WHAT YOU HAVE TO DO
If a record holds a picture, drop the picture and copy everything else exactly.

== Segment start ==

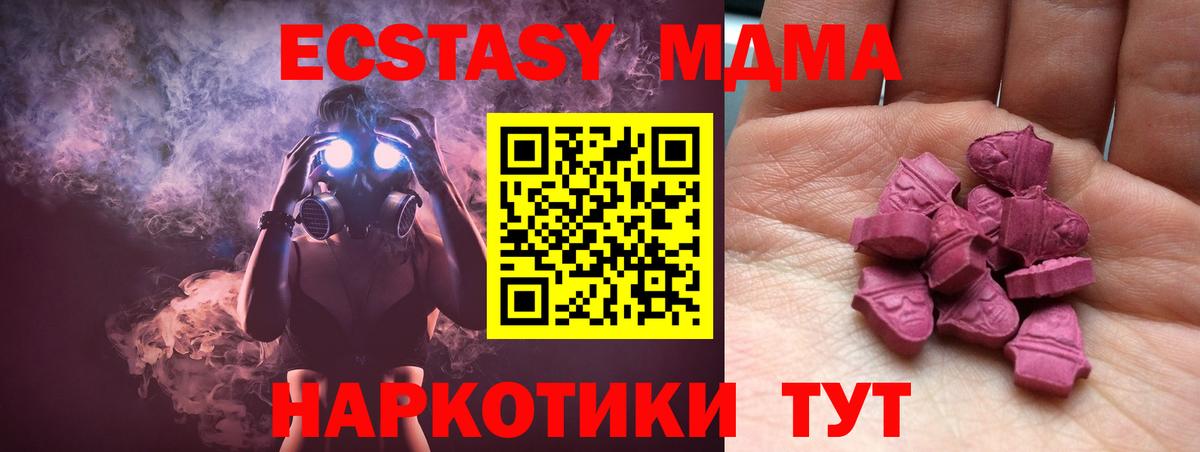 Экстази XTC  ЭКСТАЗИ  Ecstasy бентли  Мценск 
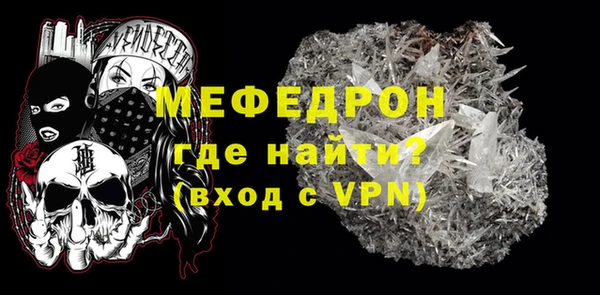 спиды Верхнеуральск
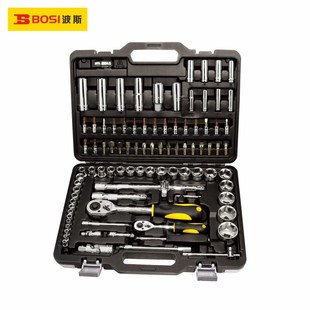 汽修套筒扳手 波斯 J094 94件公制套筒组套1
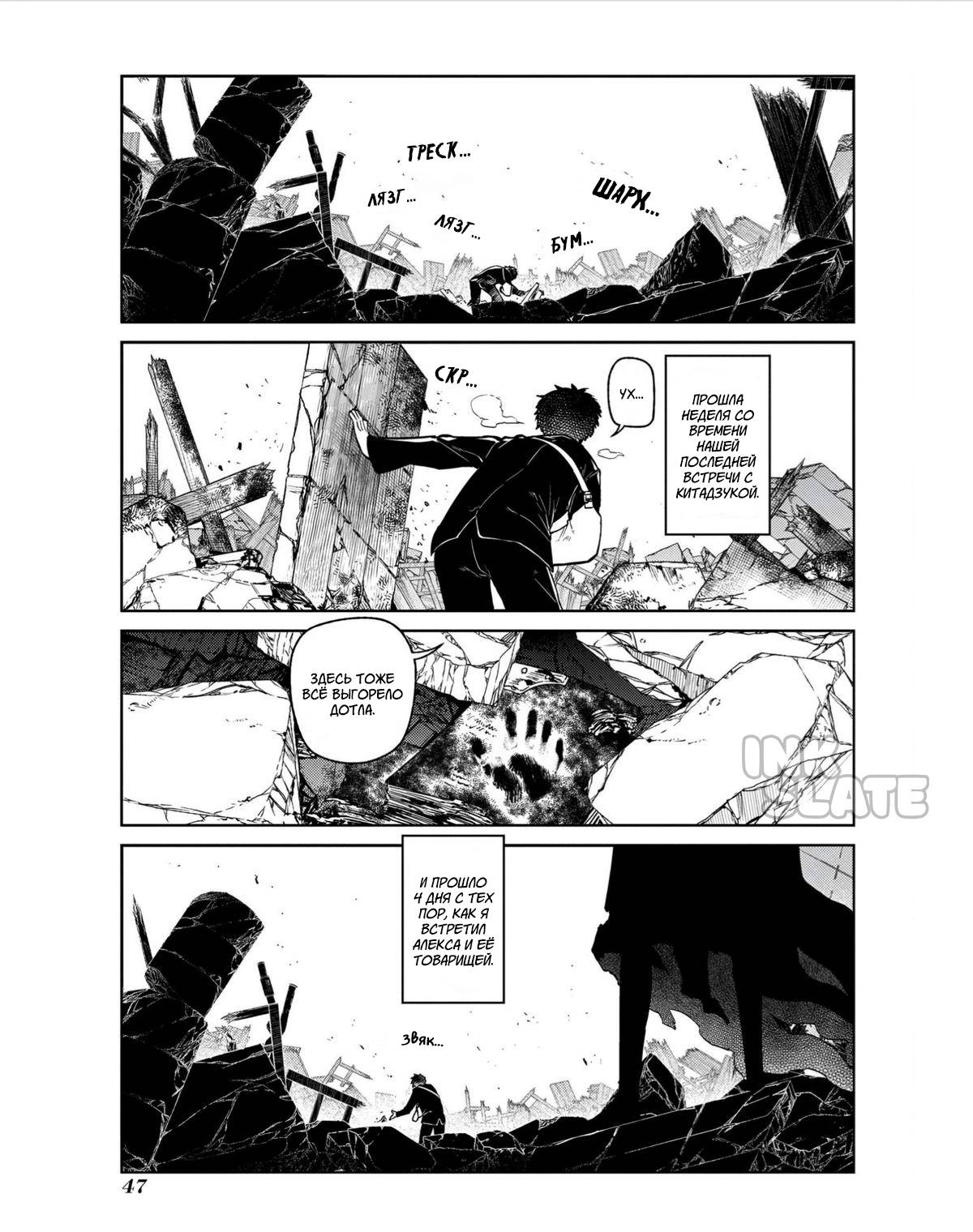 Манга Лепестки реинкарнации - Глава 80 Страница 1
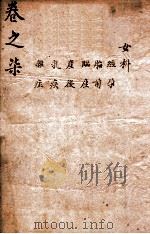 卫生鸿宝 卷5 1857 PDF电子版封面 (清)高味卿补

== Segment end ==

TASK SOLUTION
 Экстази XTC  ЭКСТАЗИ  Ecstasy бентли  Мценск 
 спиды Верхнеуральск
 汽修套筒扳手 波斯 J094 94件公制套筒组套1
 Манга Лепестки реинкарнации - Глава 80 Страница 1
 卫生鸿宝 卷5 1857 PDF电子版封面 (清)高味卿补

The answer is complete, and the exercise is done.